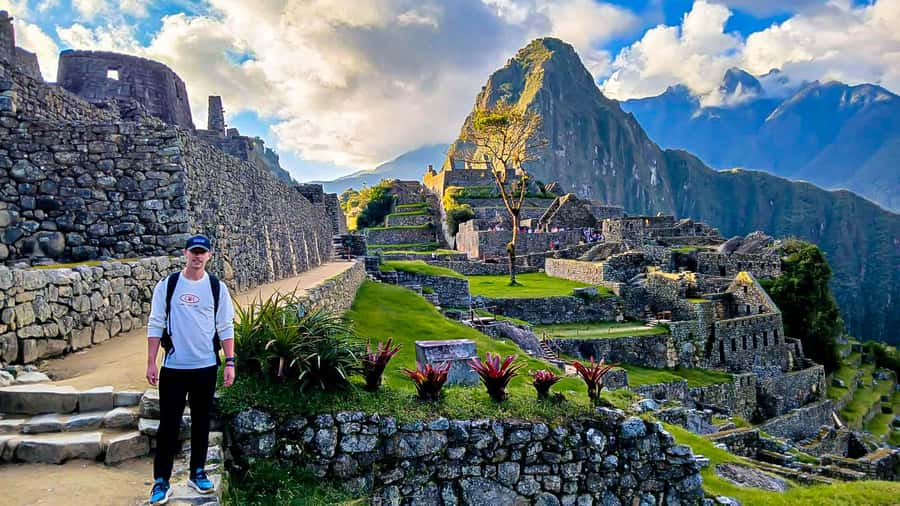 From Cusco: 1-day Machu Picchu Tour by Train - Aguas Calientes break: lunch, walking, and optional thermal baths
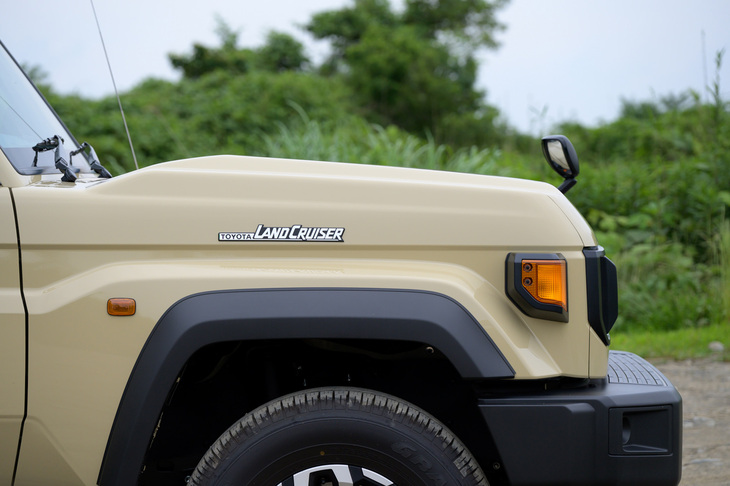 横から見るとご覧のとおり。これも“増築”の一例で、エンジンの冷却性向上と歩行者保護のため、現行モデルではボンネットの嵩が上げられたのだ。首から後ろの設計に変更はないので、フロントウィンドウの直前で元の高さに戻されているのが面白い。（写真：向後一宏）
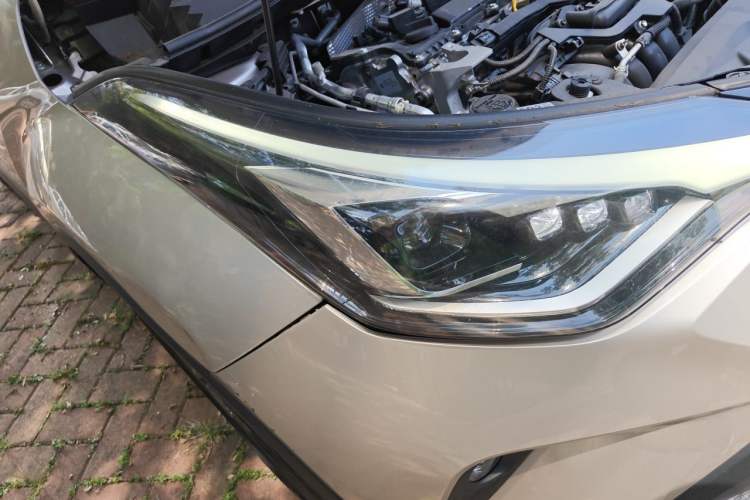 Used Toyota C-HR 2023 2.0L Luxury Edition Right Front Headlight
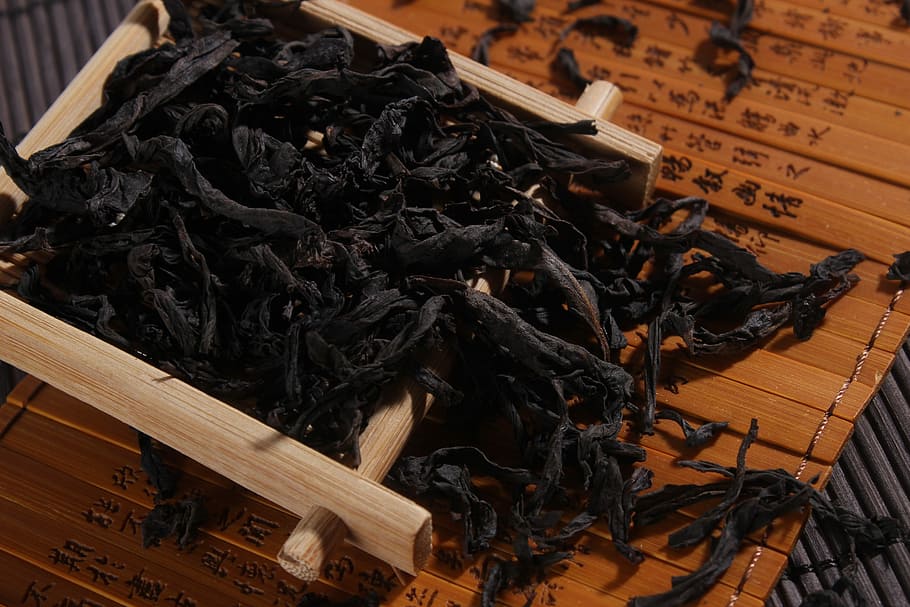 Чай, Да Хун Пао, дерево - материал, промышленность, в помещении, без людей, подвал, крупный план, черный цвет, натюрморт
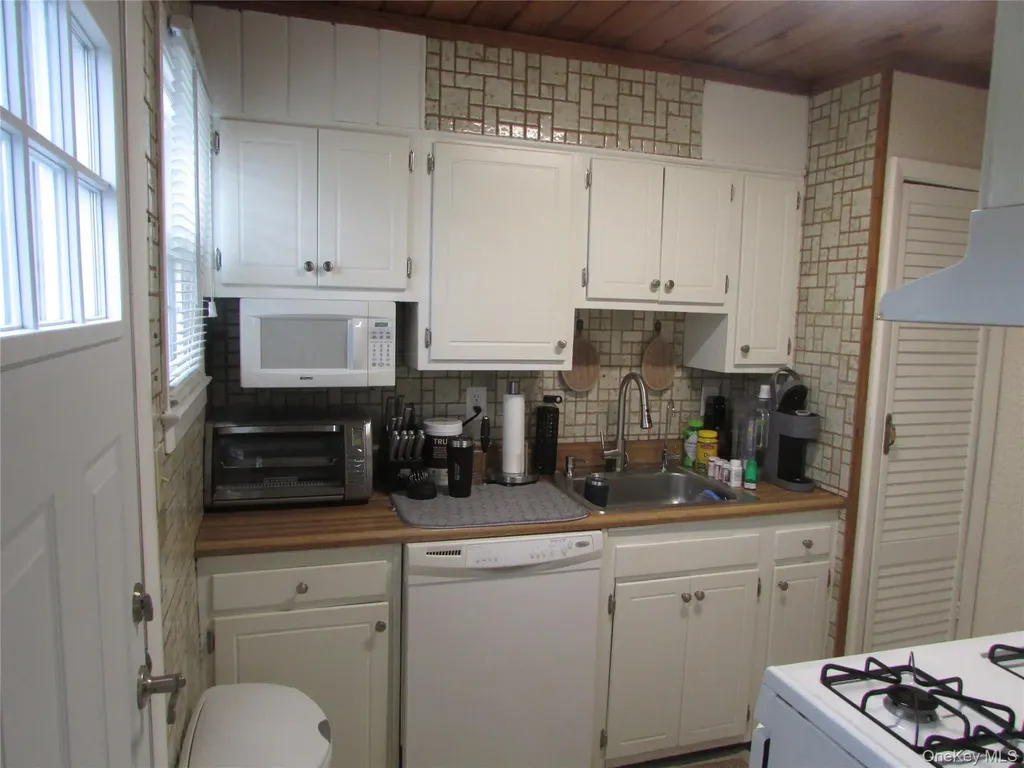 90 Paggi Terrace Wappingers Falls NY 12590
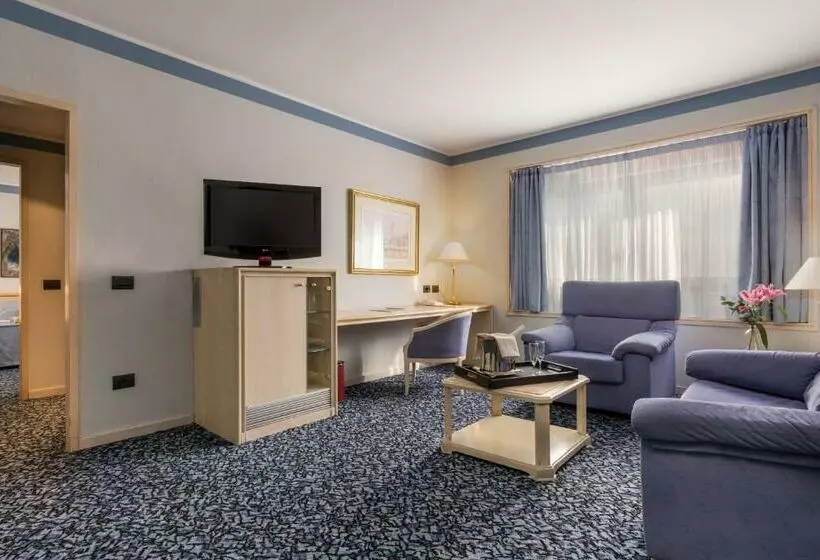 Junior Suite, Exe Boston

══════

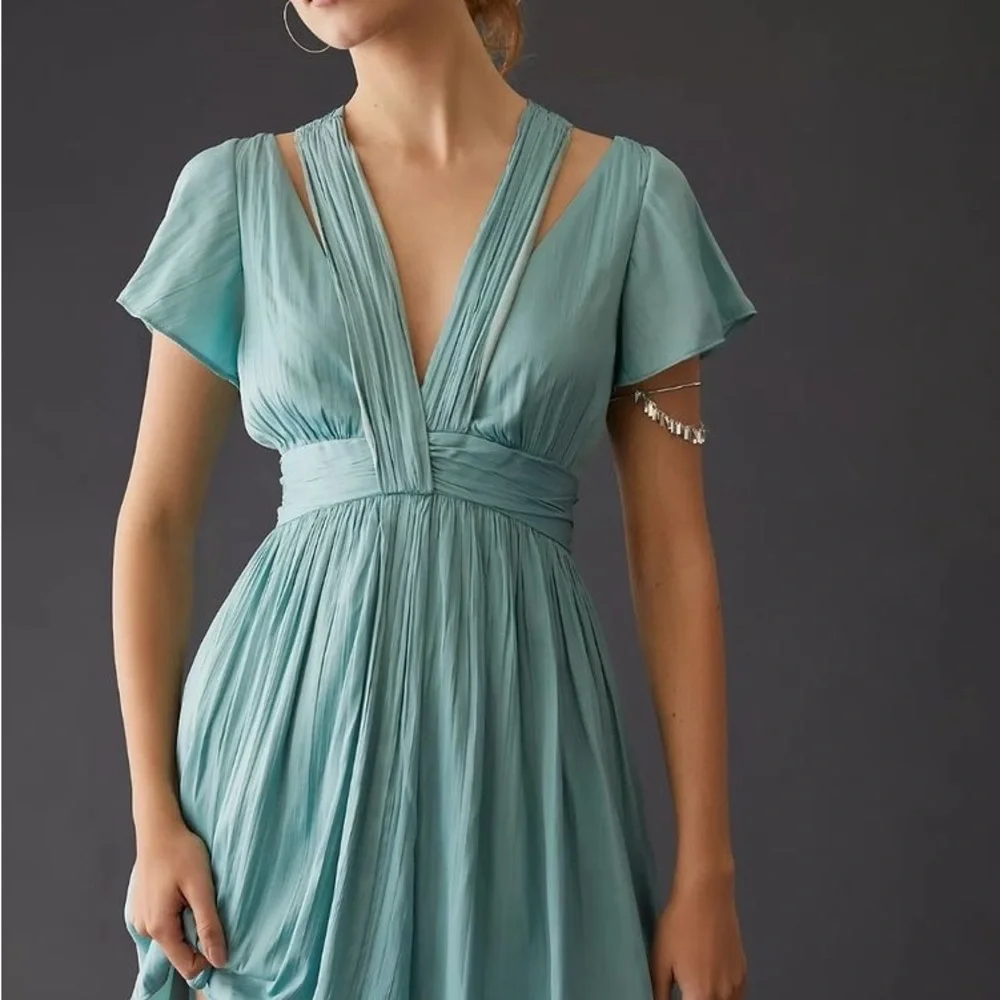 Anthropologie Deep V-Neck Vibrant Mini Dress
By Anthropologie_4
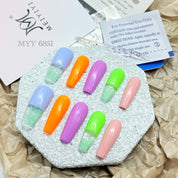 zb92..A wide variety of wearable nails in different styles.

══════

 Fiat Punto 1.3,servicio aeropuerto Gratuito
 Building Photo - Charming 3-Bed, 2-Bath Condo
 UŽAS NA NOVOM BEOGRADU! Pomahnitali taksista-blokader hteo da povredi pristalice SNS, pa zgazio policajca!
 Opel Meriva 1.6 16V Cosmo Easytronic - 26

══════

BRIEF>
Set down exactly the lines above, from the line containing "Anthropologie Deep V-Neck Vibrant Mini Dress" through the line containing "zb92..A wide variety". Skip the pictures.

SOLUTION BELOW>
 Anthropologie Deep V-Neck Vibrant Mini Dress
By Anthropologie_4
 zb92..A wide variety of wearable nails in different styles.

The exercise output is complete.